The SPF roofing system application to the main building and the casitas was completed first, and that entailed masking and protecting adjacent properties on Canyon Road. SWSF communicated with the neighboring property owners so that the crew could mask off their properties prior to the outdoor SPF system installations. They utilized four-and-six-mil plastic sheeting to cover the nearby properties, and car covers for nearby vehicles that could be affected by overspray damage. Further, while spraying, the crew used windscreens to mitigate overspray.
“I’d say our biggest concern during this project was masking,” says Segura. “You can’t predict the weather, for one, and when
you’re in a congested area like this one it can get difficult, which is why communication was key.”
One of these nearby properties was the Cristo Rey Church – another Meem building, which is a tourist attraction where mass services are also regularly held. When considering masking the church, the SWSF crew figured the services would be limited to Sundays, and since the crew did not work on Sunday, it wouldn’t be an issue. They realized during the first day of foam application that the church also held funeral services.
“During the services, the crew decided to stop work and take advantage of the cool shade of the surrounding trees,” says Segura. “This allowed the crew to take a break from the heat and re-hydrate.”

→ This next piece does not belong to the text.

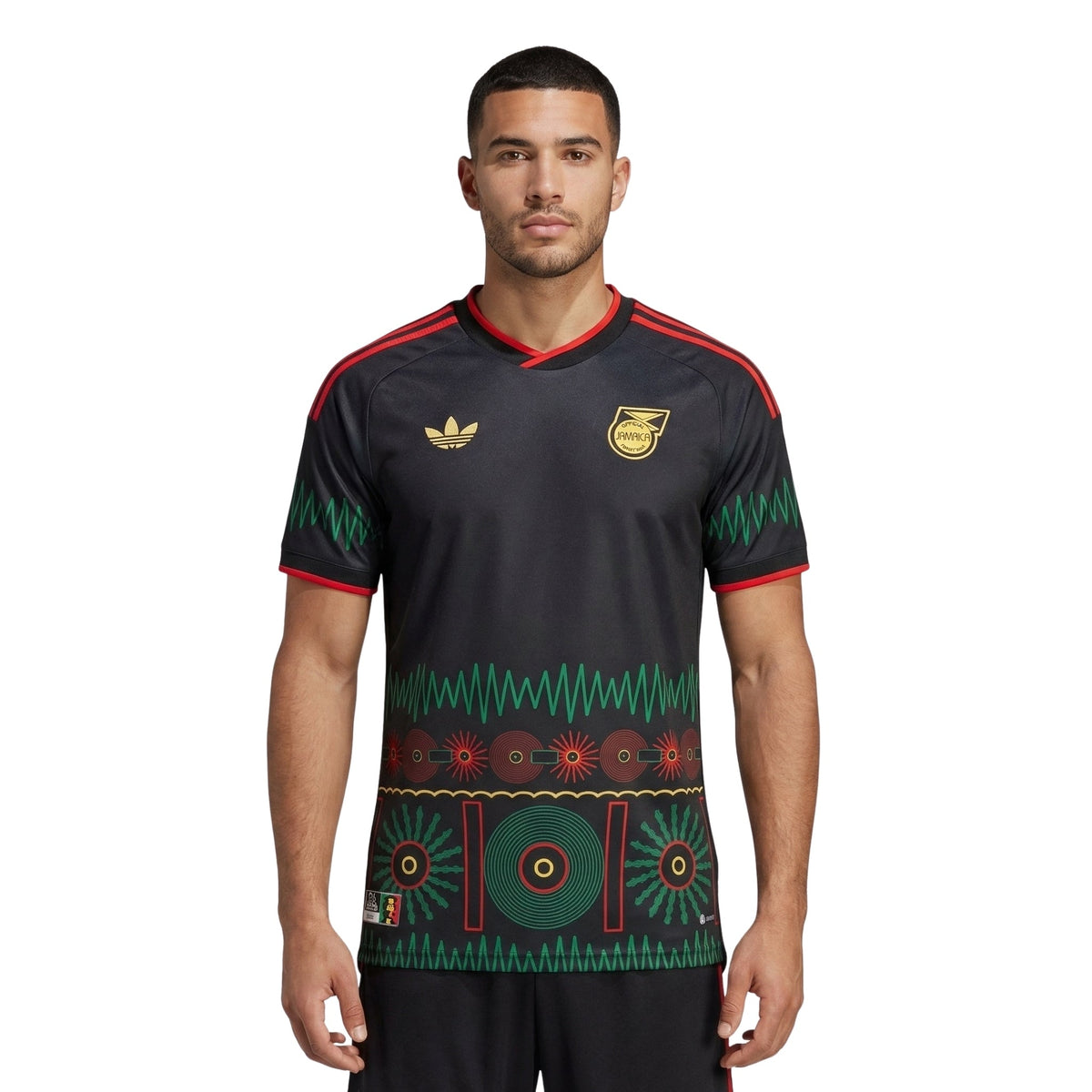 Jamaica Away Shirt 26/27 - World Cup 2026 - FullKit image 2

For the roof installations, SWSF constructed scaffolding where needed for easier roof access and fall protection. To mitigate risk, they made sure sprayers applying foam to the perimeter of the roof deck were always backed by a hose man to advise the sprayer if he was getting too close to the edge. The crew installed NCFI foam directly to the plywood roof deck (main building) and new OSB substrate deck (casitas), respectively. The depth of foam application varied from three to eight inches throughout the main building and the casitas. Then, the crew applied 40 DFT mils of Santa Fe Tan-colored EnduraTech acrylic coating to the edges, the parapet walls, and the roof penetrations. Immediately after, they brought the gravel aggregate containers onto the roof with the use of a crane with a large hopper. Then, the SWSF crew broadcast the 3/4-inch crushed gravel layer by hand on top of the foam to complete the installation of the EnduraRock roof system to the main building and casitas. Site superintendent CJ Martin praised the SPF system, recognizing that the EnduraRock system installation was completed and dried in a fraction of the time that a tapered foam system requires.

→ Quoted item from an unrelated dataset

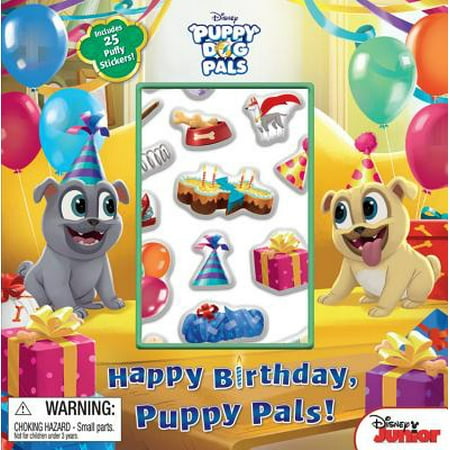Happy Birthday, Puppy Pals! (Happy Birthday To The Best Teacher Ever)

“It is always critical to get the roof dried in,” says Martin. “A dry site is a safe job site.”
Then, the crew went inside the main building to complete the insulation portion of the job. All the windows of the main building had been removed so the area was well ventilated. Notwithstanding, the SWSF crew placed large fans around the spray areas to exhaust the fumes created by the SPF on the interior. SWSF also placed “Confined Space” signage on the outside of the building in compliance of OSHA regulations. Then, the crew installed 3.5 inches of closed-cell foam to 3.5-inch wall cavities and scarified the foam afterwards to ensure that the foam was flush with the studs and to maximize every square inch of the property. The wall insulation was sprayed from the underside of the roof deck all the way down to the footings located below the floor.

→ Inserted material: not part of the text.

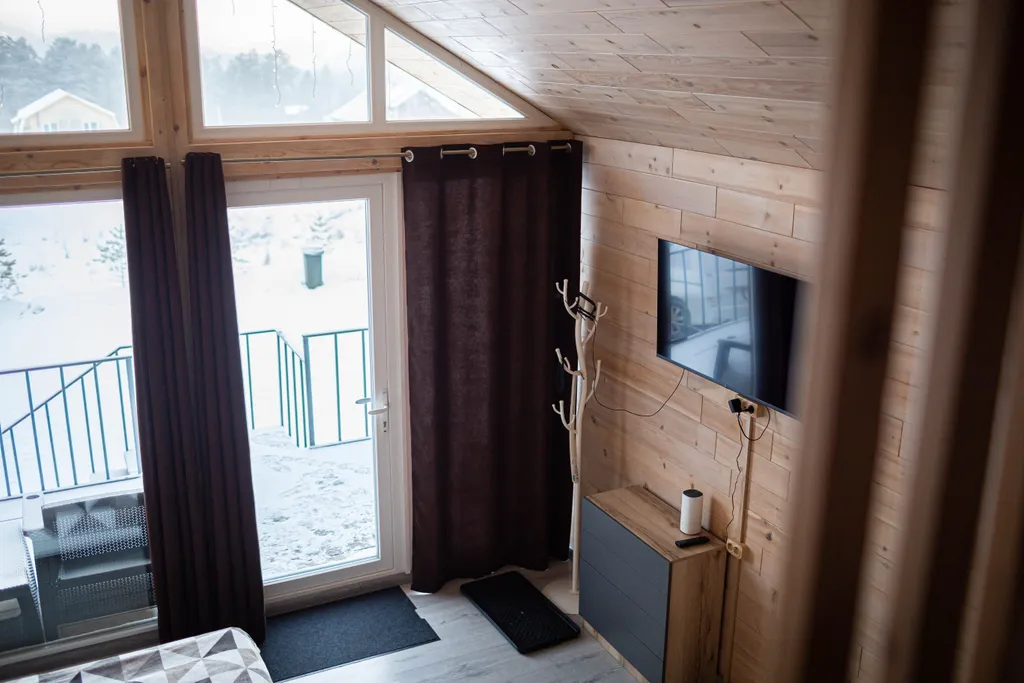 1-комнатный Дом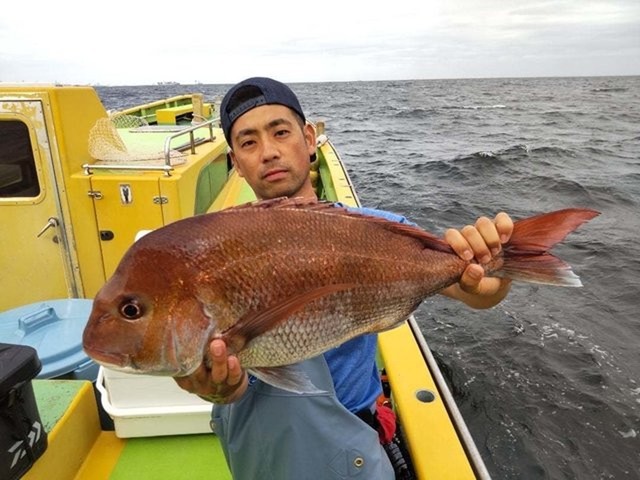 釣果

The entire project equated to the installation of just over 30 sets of foam. Subsequently, plumbing and electrical wiring coupled with high-end interior finishings were added as the condos began to take shape. The condos are slated for total completion and ready to be lived in during this spring, and they will showcase cutting-edge, high-performance amenities that deliver energy efficiency – which was facilitated by the SPF.